::: DATA FOR THIS TASK :::

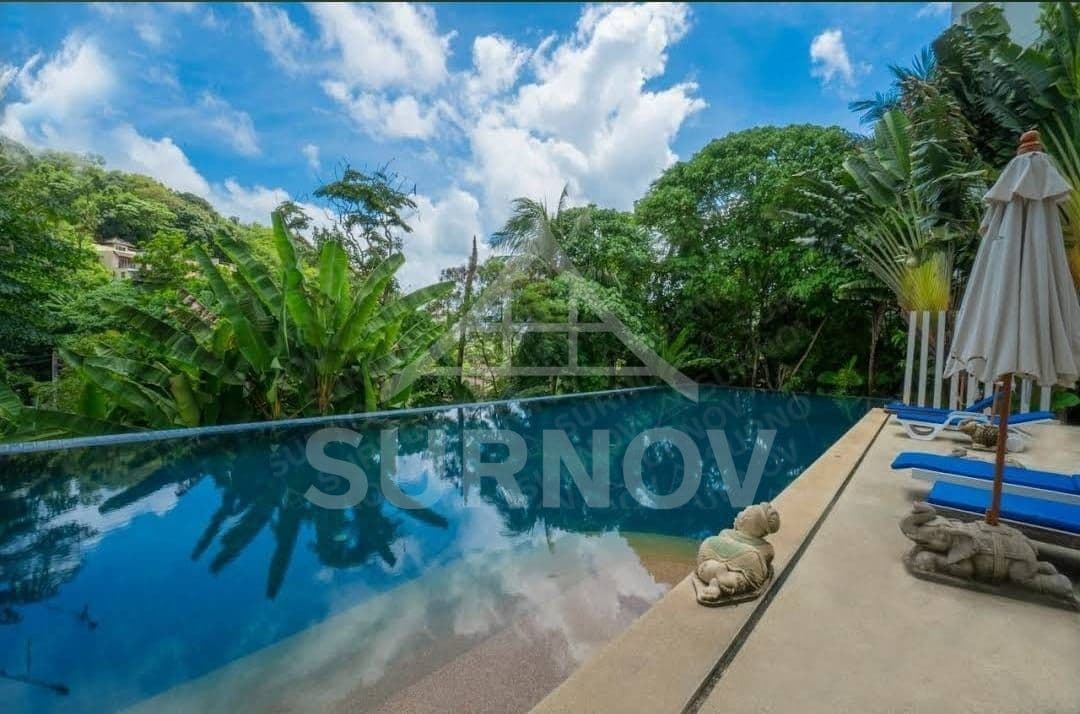 1-bedroom Common Pool Condo on Patong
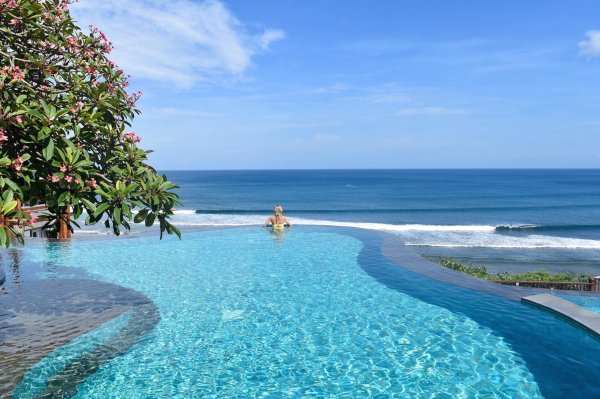 infinity pool pattaya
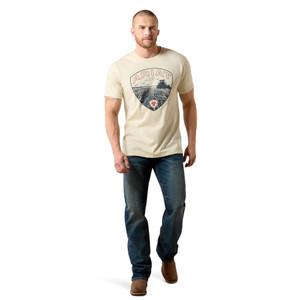 ARIAT MNS LAND OF THE FREE FARM SHIELD SS TEE NATURAL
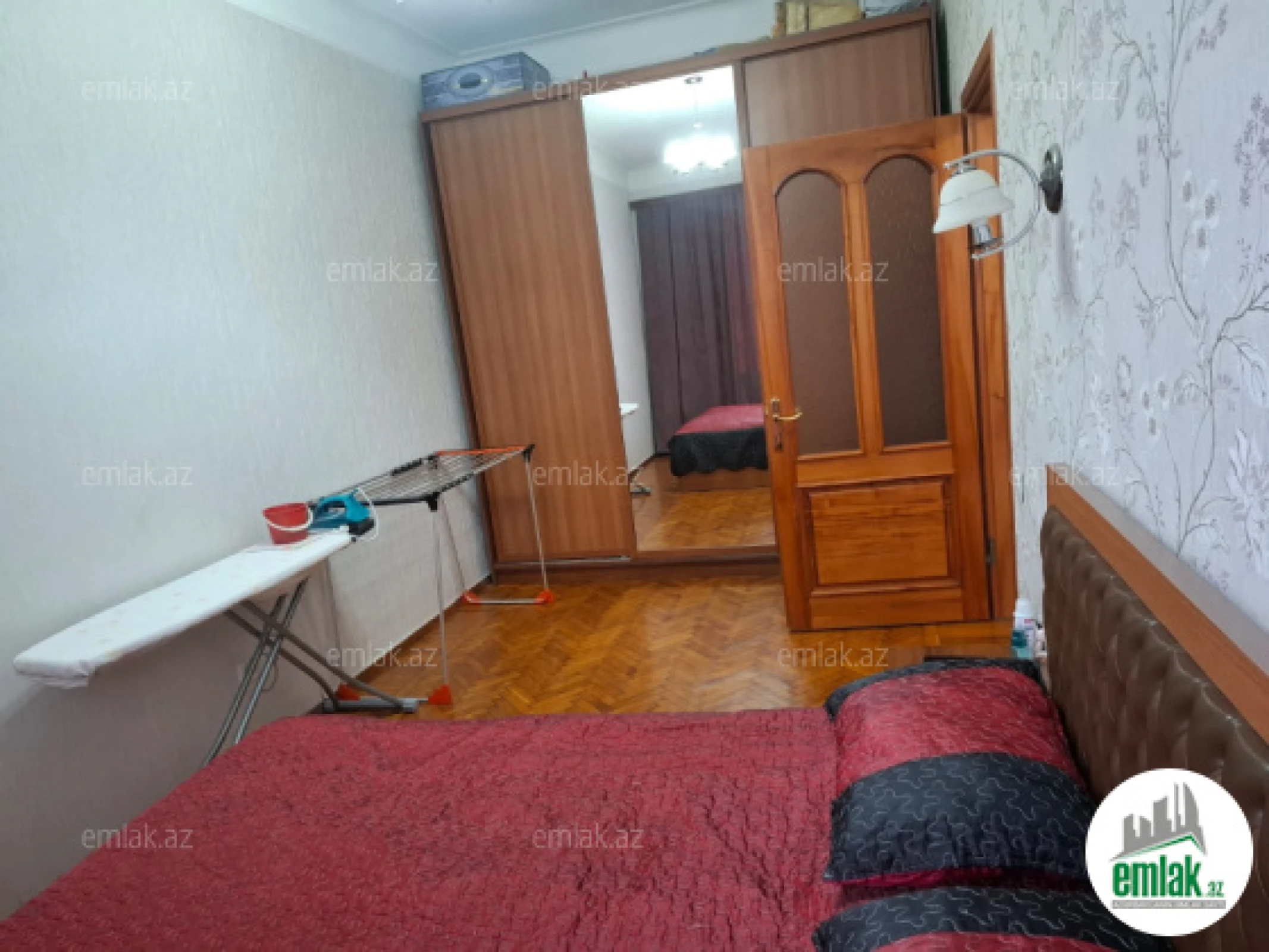 Satılır 3 otaqlı köhnə tikili 80 m²
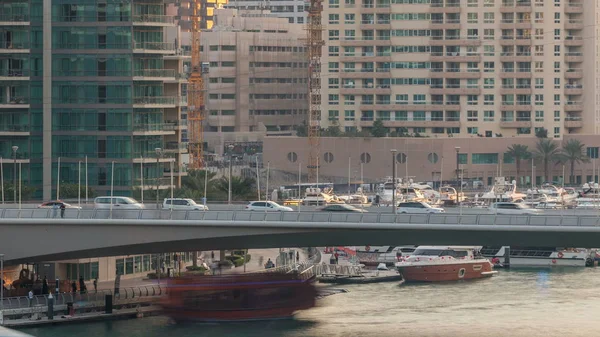 Jachtok Csónakok Turisták Shoping Mall Közelében Tartózkodik Egy Híd Alatt — Stock Fotó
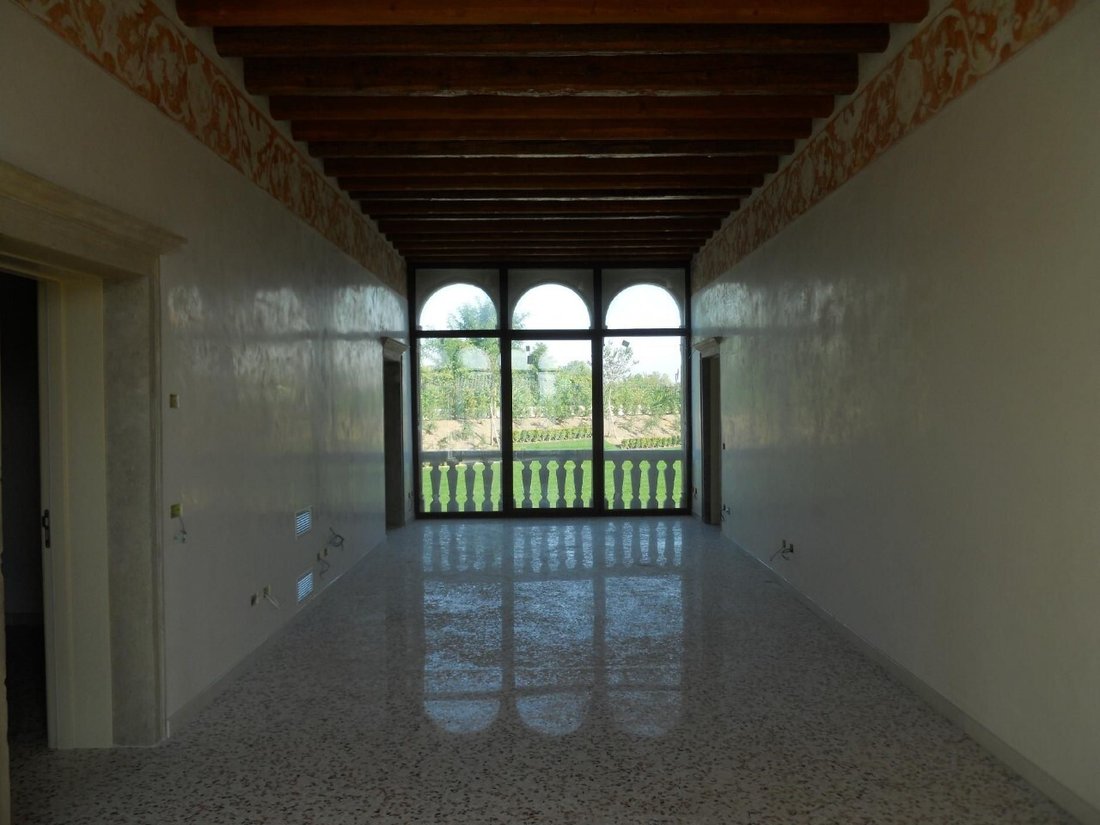 Villa in Stra, Veneto, Italy 2 - 13720628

:::

(YOUR ASSIGNMENT): Starting at the line that contains "Satılır 3 otaqlı köhnə tikili 80 m²", transcribe every line through the end of the listing exactly, including both end lines and excluding pictures.

(YOUR RESPONSE):
 Satılır 3 otaqlı köhnə tikili 80 m²
 Jachtok Csónakok Turisták Shoping Mall Közelében Tartózkodik Egy Híd Alatt — Stock Fotó
 Villa in Stra, Veneto, Italy 2 - 13720628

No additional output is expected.